Piacenza, cartelli shock a scuola dopo l'aborto: la preside chiude il caso. "Nefasta coincidenza"
I biglietti con embrioni appesi nei corridoi di una scuola superiore a Piacenza? "Una nefasta coincidenza". La preside, con una lettera alle famiglie, chiude il caso scoppiato giorni fa nel suo istituto. Perché quei foglietti con l'immagine di un feto e quelle frasi offensive ("Questo eri tu", "ho bisogno di afFETtO") erano stati interpetati come rivolti a una studentessa che era rientrata a scuola dopo un'interruzione di gravidanza.
La ragazza aveva denunciato la cosa per "far capire quanto sia importante la delicatezza nel trattare certi argomenti e difendere i diritti delle donne". Ed erano arrivate, sempre in forma anonima, pochi giorni dopo le scuse.
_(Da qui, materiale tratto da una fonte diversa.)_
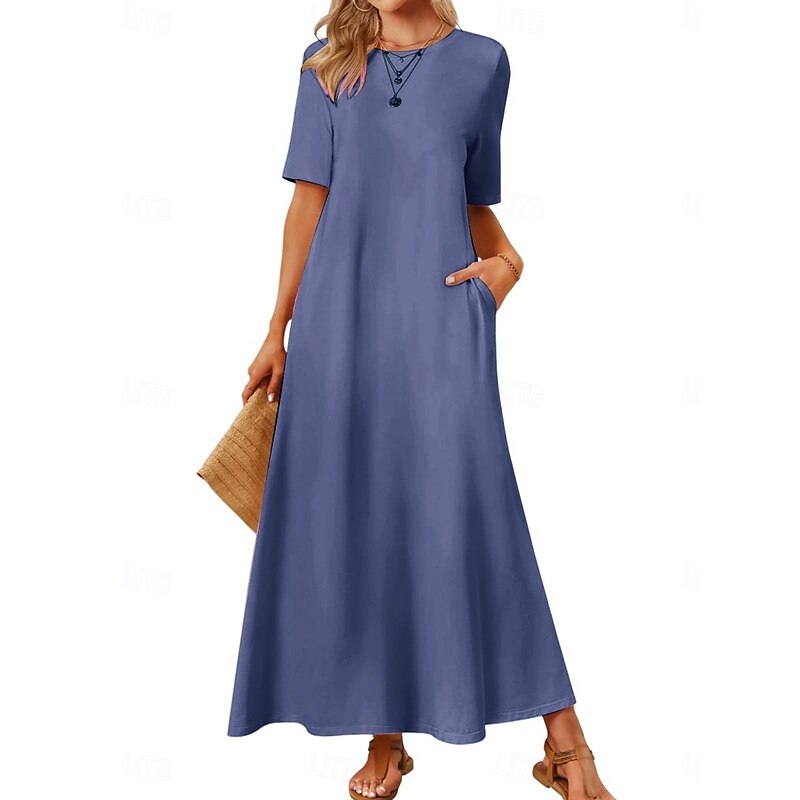 Women's Maxi Dress Casual Dress A Line Dress Stylish Basic Casual Vacation Daily Regular Fit Plain Short Sleeve Crew Neck Pink Blue Dark Green Summer Spring3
Ma cosa è successo lo ricostruisce la dirigente scolastica nella missiva che la Libertà di Piacenza racconta oggi.
Nel mese di febbraio il docente di scienze - spiega la preside - ha affrontato l’argomento: la riproduzione umana. "Dopo la spiegazione di alcuni paragrafi, ha concordato l’inizio delle interrogazioni. Restavano da trattare i paragrafi sulla gravidanza e il parto, per i quali a distanza il docente ha chiesto alla classe di preparare tre cartelloni". Uno su gravidanza e parto, il secondo sul concepimento e i metodi anticoncezionali e il terzo sulle modificazioni ormonali della gravidanza e gli aspetti psicologici post-parto. "Nessun riferimento a temi inerenti l’aborto o la realizzazione dislogan antiabortisti" precisa la dirigente
L’insegnante ha poi chiesto di inviare su Classroom il materiale raccolto. Il sedici marzo una persona della classe ha pensato di affiggere materiale autoprodotto, da lei stessa ideato e costruito sulla falsariga del testo di una canzone che spopola su Tik Tok, cercando di riprodurre rime e ritmo. Con la collaborazione di alcuni compagni questi volantini sono stati affissi" in due corridoi.
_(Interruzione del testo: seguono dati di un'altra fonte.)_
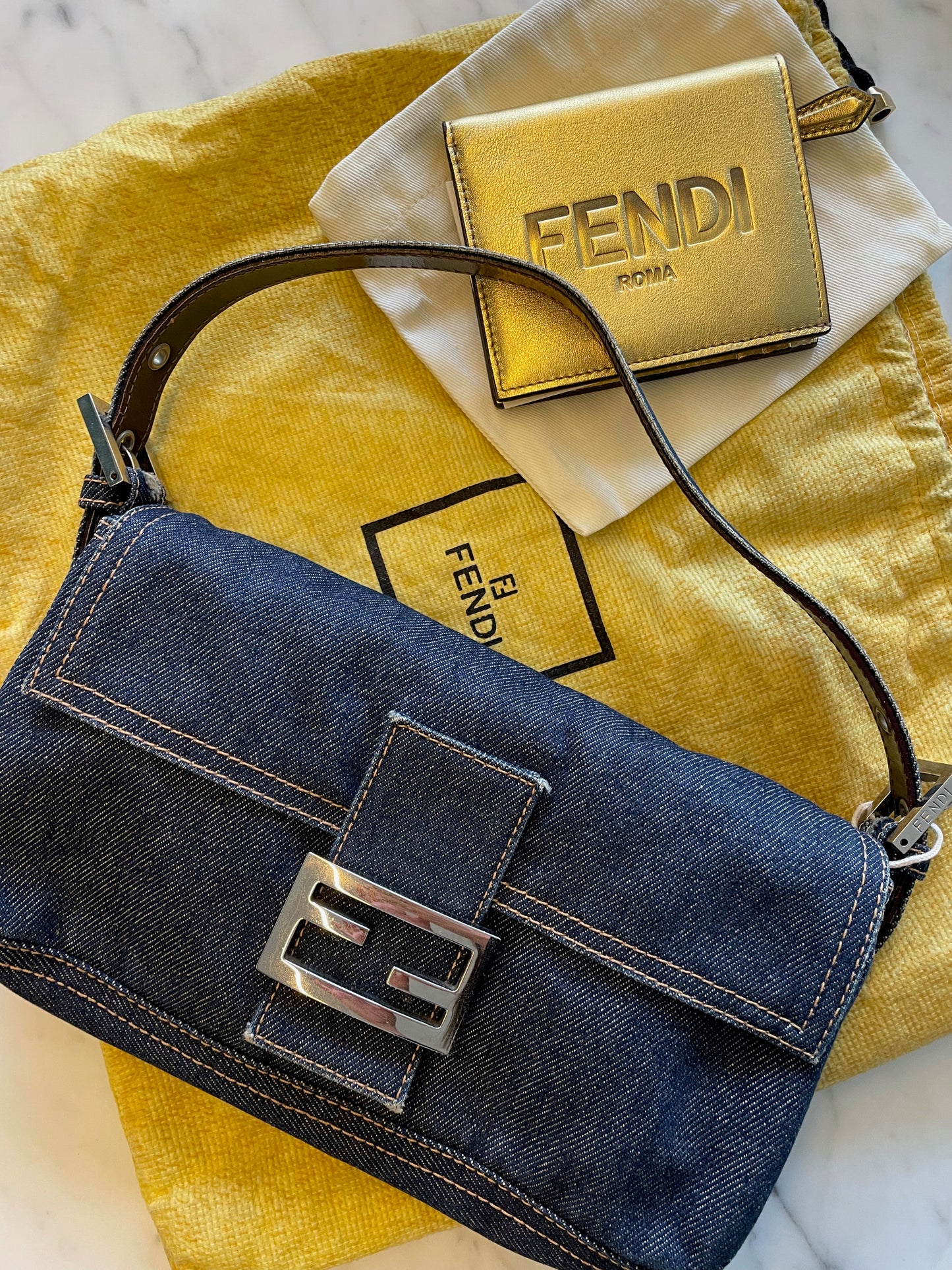 Vintage Fendi Denim Baguette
E' scoppiato il caso, la scuola si è mossa con una indagine interna. La persona responsabile ha successivamente riferito che le sue intenzioni non erano quelle di manifestare un dissenso riguardo il diritto di aborto (benché a chiunque sia apparso tale) e che il gesto sia stato malinteso. "Non sapevo che un'alunna avesse interrotto una gravidanza", la giustificazione. Insomma, conclude la preside, "si pensa si sia trattato dunque di una nefastacoincidenza", un "drammatico equivoco".
La dirigente, che ricorda il regolamento in cui si vieta l'affissione di materiale sui muri della scuola, trae anche le conclusioni da punto di vista educativo: cosa ci insegna quanto accaduto? Intanto che "in un luogo istituzionale, come è la scuola, è necessario astenersi da iniziative autonome non concordate con i docenti poiché possono risultare lesive della sensibilità altrui", che "l’uso indiscriminato dei social è negativo" e che "ogni azione, anche se non compiuta a fin di male, può avere conseguenze che male fanno". E di male ne hanno fatto a una ragazza che, con grande maturità, non ha voluto che venisse reso pubblico il/la colpevole, ma che tutto questo diventasse occasione di dibattito e di confronto.
"Ma più di tutto questa storia ci ha ancora una volta insegnato che la parola, così bella ricca e potente, può essere veicolata in tanti modi - conclude la preside - che però abbiamo verificato di non saper ben maneggiare (adulti compresi). E così siamo scaduti nell’automatismo che tende a livellare l’espressione sulle formule più generiche, anonime, astratte e per questo estremamente e maldestramente equivocabili. Un’occasione imperdibile per rimetterci al lavoro".